Extracted entries Start Marker

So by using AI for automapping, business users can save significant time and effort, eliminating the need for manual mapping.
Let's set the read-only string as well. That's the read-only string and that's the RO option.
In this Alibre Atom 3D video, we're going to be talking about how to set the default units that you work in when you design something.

Extracted entries End Marker
Extracted entries Start Marker

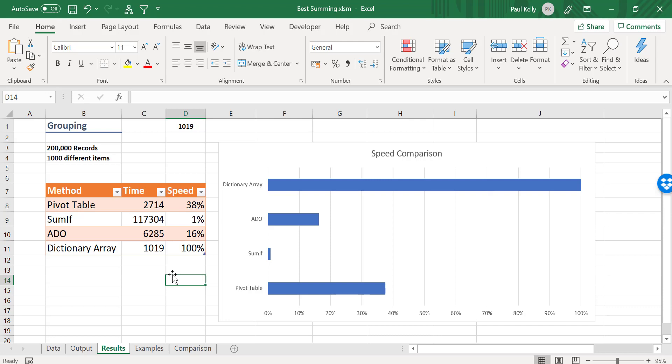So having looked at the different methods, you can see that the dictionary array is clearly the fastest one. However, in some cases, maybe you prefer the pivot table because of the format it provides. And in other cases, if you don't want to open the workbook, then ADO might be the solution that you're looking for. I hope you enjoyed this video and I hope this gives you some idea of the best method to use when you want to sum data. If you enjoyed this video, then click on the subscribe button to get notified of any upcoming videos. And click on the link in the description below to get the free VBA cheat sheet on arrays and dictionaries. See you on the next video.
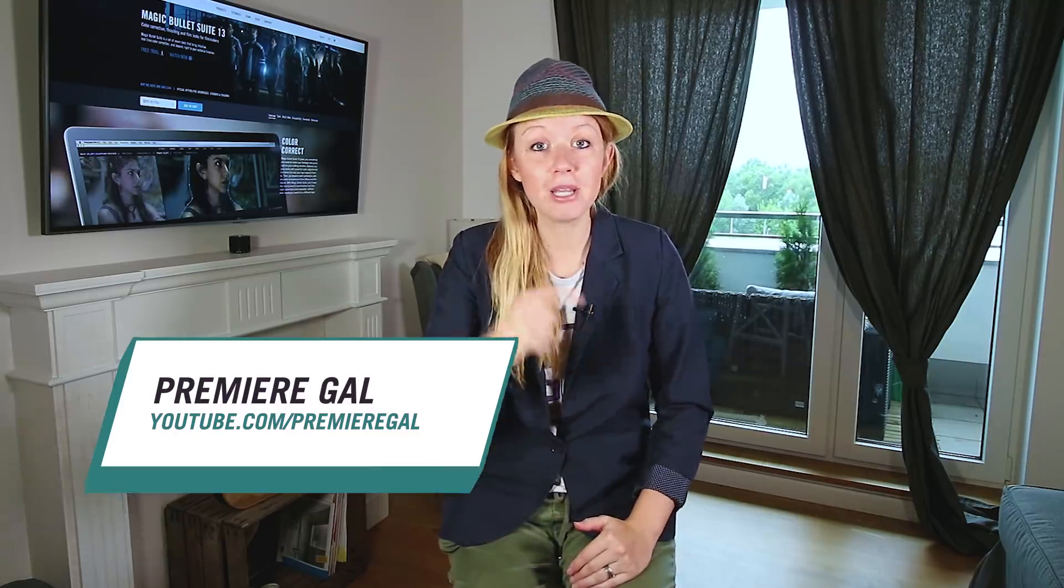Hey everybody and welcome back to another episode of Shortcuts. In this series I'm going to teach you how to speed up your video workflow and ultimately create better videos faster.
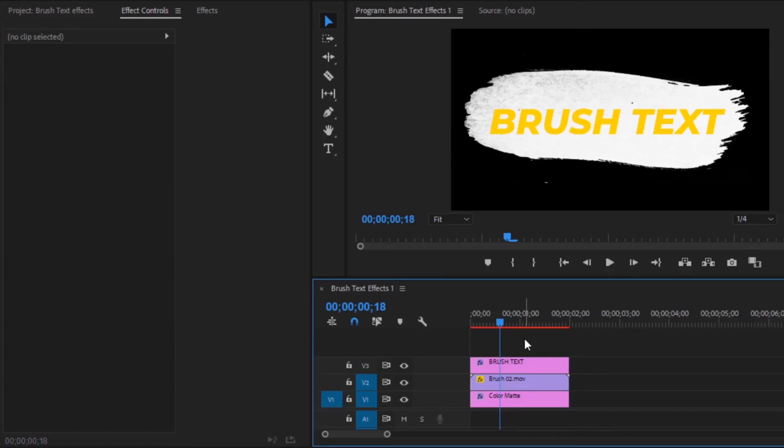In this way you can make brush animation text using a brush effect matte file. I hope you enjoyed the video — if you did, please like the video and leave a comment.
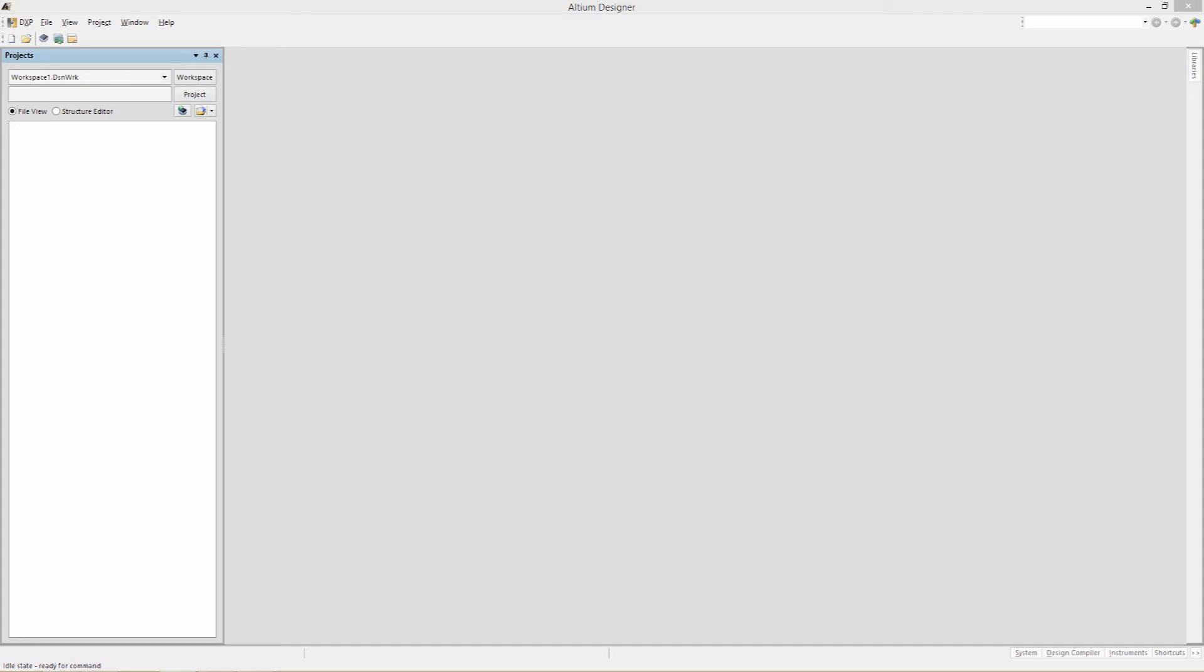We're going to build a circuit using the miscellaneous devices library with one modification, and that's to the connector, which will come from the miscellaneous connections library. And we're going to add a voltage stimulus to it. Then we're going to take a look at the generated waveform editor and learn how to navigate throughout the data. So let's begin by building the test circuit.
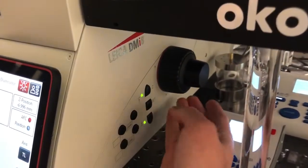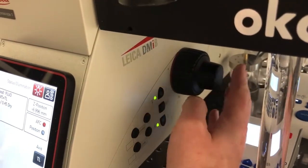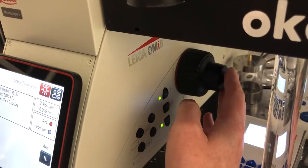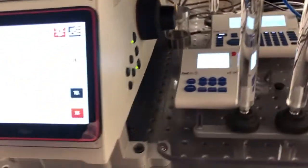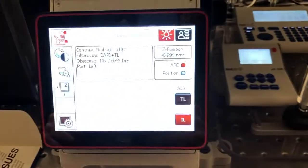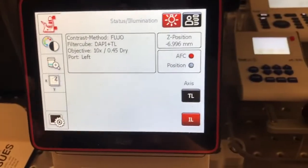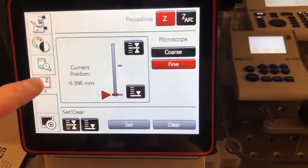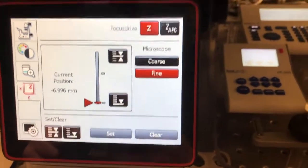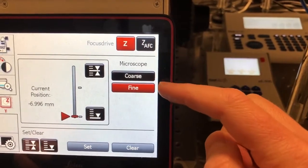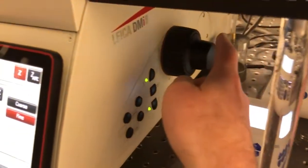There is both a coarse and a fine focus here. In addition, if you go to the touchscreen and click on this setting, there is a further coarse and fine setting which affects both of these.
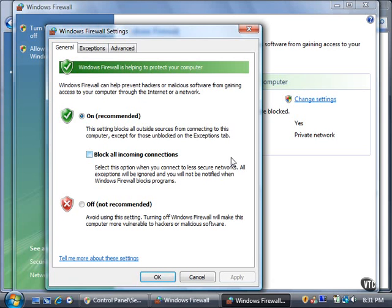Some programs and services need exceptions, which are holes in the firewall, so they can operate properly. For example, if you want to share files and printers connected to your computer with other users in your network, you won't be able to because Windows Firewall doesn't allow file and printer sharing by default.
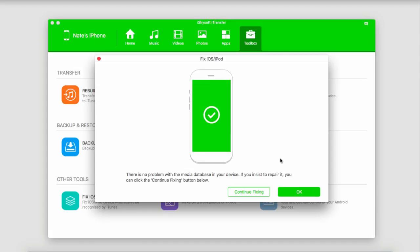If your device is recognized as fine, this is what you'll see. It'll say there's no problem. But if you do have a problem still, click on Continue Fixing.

Extracted entries End Marker
Extracted entries Start Marker

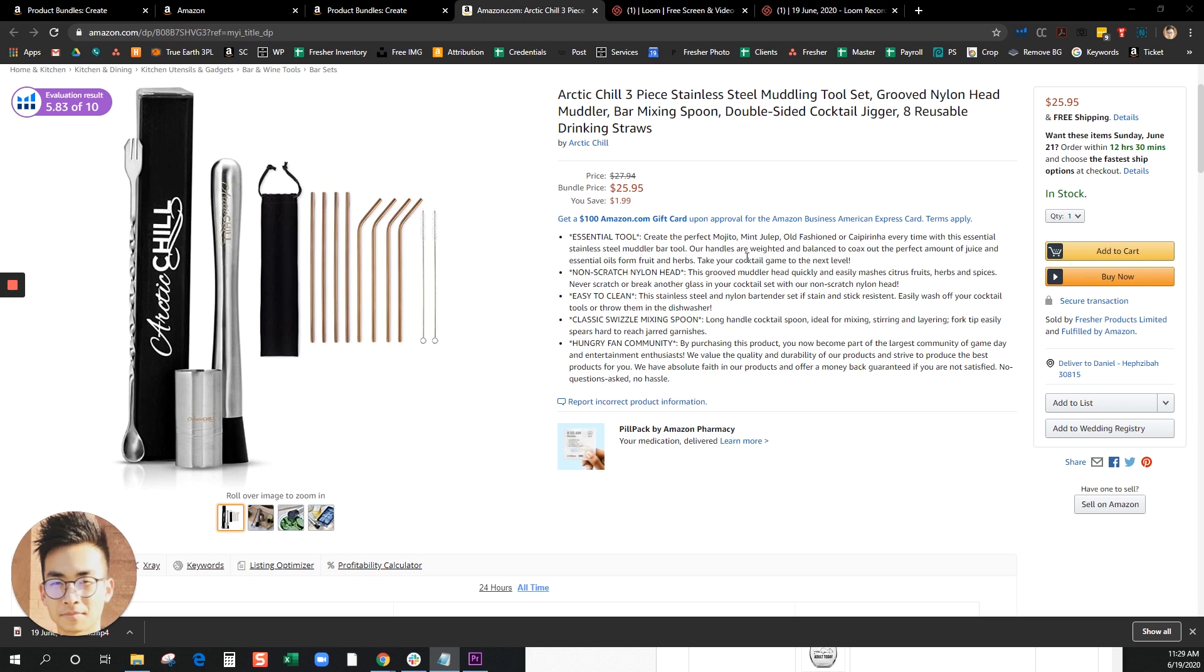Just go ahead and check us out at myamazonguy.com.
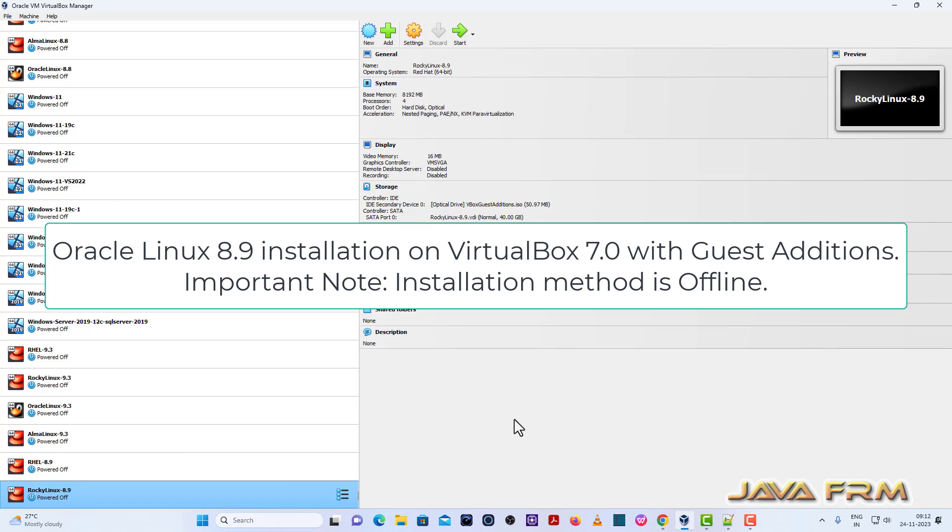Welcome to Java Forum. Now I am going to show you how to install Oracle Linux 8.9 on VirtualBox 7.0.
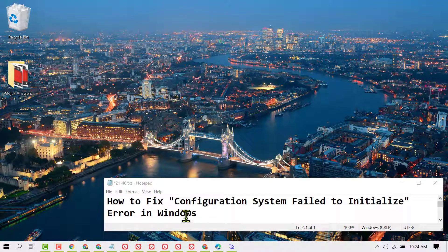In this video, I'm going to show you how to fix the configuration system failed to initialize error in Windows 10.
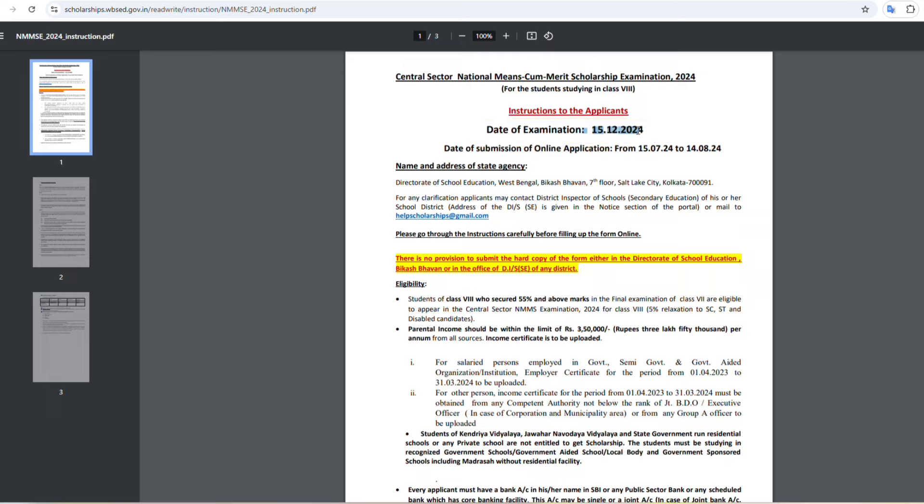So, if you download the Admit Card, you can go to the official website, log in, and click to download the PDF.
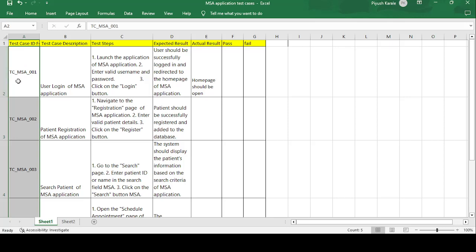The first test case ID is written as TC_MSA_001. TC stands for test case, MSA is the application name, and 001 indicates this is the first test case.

Extracted entries End Marker

## What the task requires:
Lines to set down from above: the line with "Let's set the", the line with "In this Alibre", and every line between, each exactly as written.

## Reply:
Let's set the read-only string as well. That's the read-only string and that's the RO option.
In this Alibre Atom 3D video, we're going to be talking about how to set the default units that you work in when you design something.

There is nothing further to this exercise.